===== Records provided =====

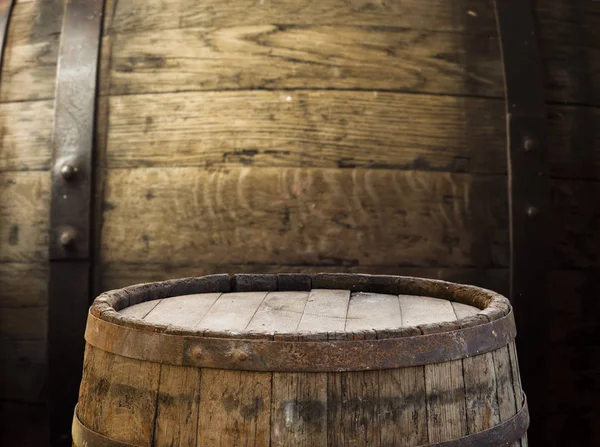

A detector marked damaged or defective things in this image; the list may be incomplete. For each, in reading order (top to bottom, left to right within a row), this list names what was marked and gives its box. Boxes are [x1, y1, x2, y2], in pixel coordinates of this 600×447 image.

rusty metal band [49, 1, 106, 446]
rusty metal band [71, 400, 524, 447]
rusty metal band [83, 310, 516, 372]
rusty metal band [492, 0, 548, 440]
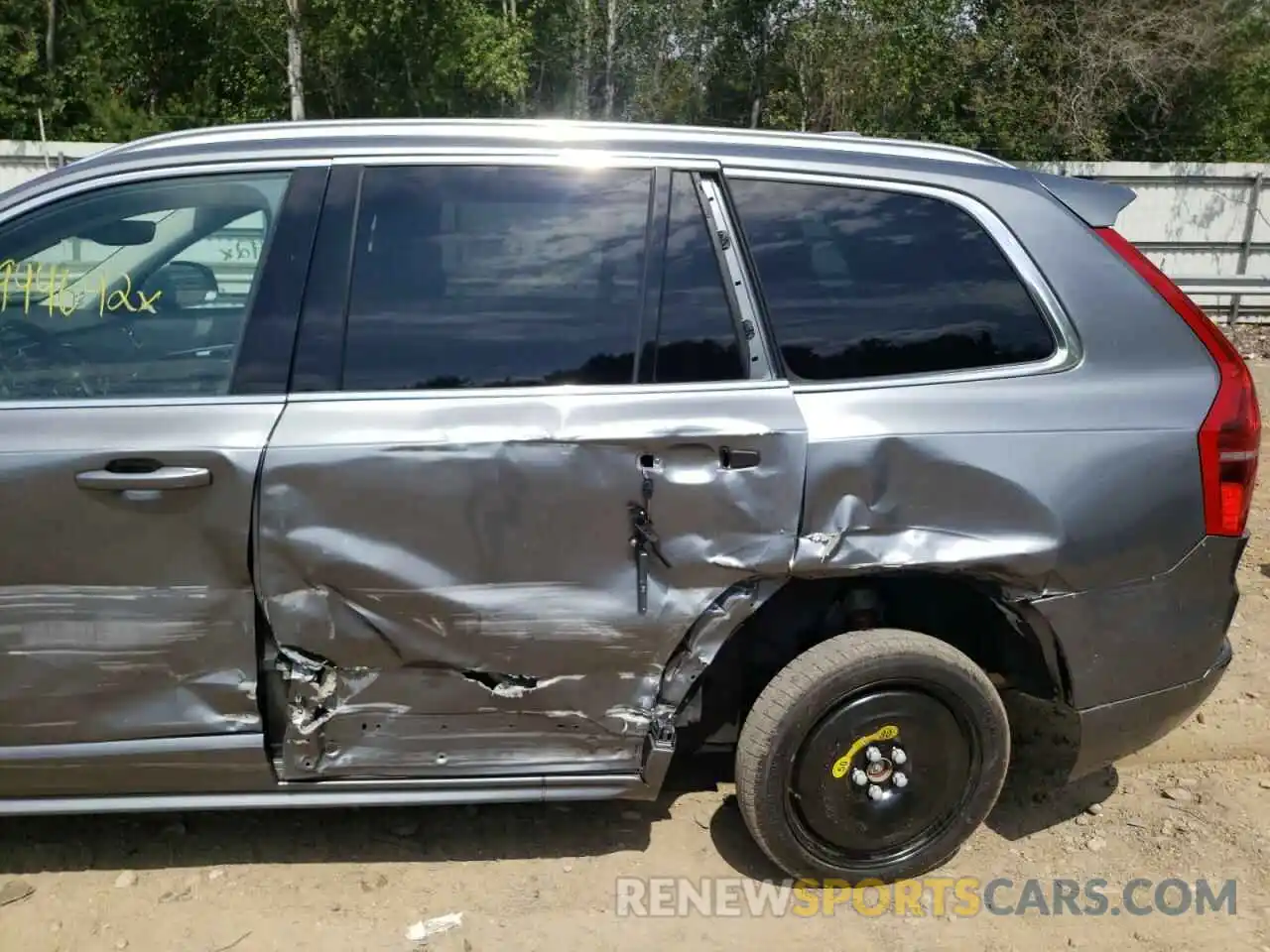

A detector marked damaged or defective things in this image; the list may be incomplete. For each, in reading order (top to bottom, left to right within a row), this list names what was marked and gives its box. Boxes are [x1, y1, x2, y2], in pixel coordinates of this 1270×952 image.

damaged door panel [256, 157, 810, 781]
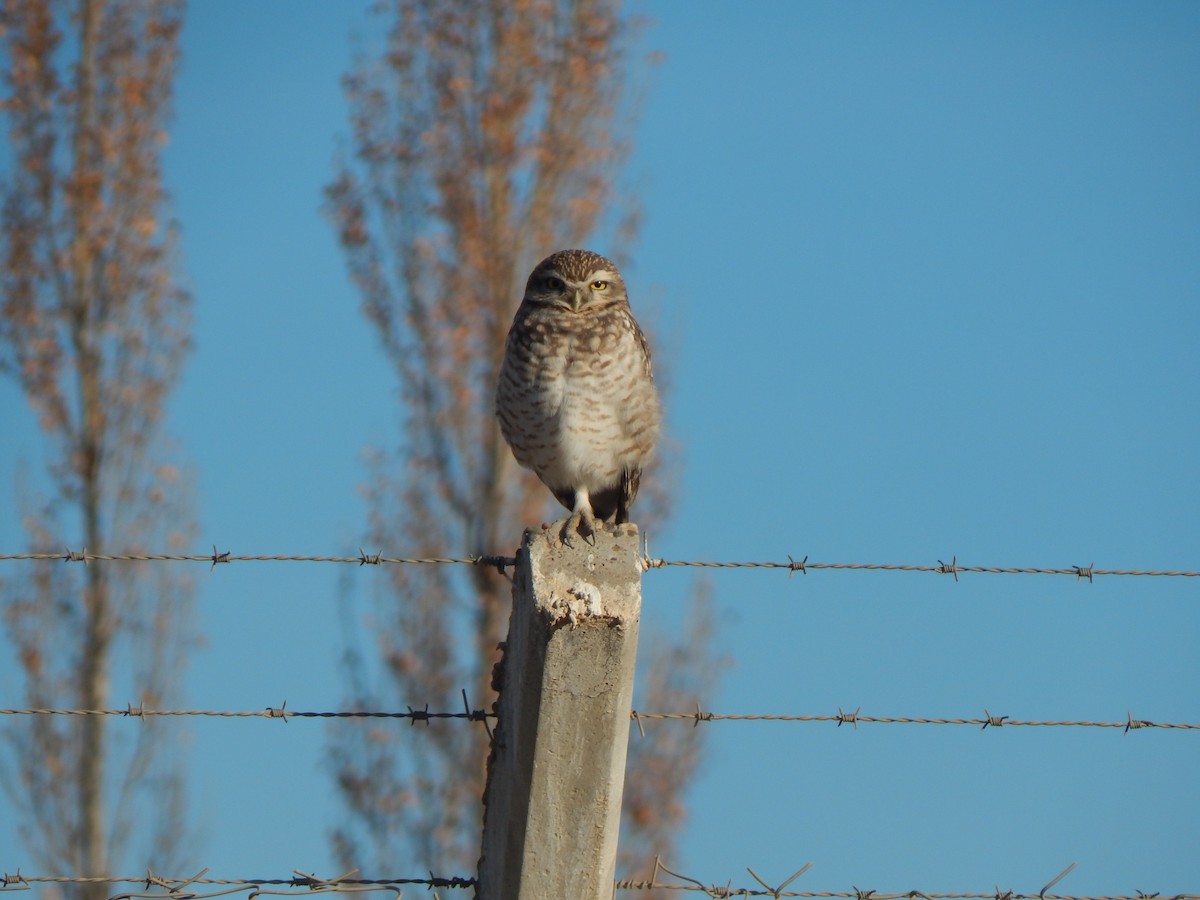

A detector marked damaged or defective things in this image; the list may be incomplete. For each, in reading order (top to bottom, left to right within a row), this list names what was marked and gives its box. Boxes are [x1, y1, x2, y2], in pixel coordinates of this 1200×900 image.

rusty wire [0, 544, 1192, 580]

=====

Problem to work on ->
The response is the full listing, copied exactly, with the pictures omitted.

Answer to the problem ->
A detector marked damaged or defective things in this image; the list may be incomplete. For each, in reading order (top to bottom, left to right within a row), this list names what was marked and gives its box. Boxes are [x1, y1, x2, y2], in pixel coordinates of this 600×447 image.

rusty metal band [49, 1, 106, 446]
rusty metal band [71, 400, 524, 447]
rusty metal band [83, 310, 516, 372]
rusty metal band [492, 0, 548, 440]

A detector marked damaged or defective things in this image; the list may be incomplete. For each, in reading order (top to bottom, left to right within a row), this list names what was marked and gives its box. Boxes are [x1, y1, x2, y2], in pixel coordinates of this 1270×952 image.

damaged door panel [256, 157, 810, 781]

A detector marked damaged or defective things in this image; the list may be incomplete. For each, in reading order (top to bottom, left to right within a row), this list names what was marked and gives its box. Boxes are [x1, y1, x2, y2], in pixel coordinates of this 1200×900 image.

rusty wire [0, 544, 1192, 580]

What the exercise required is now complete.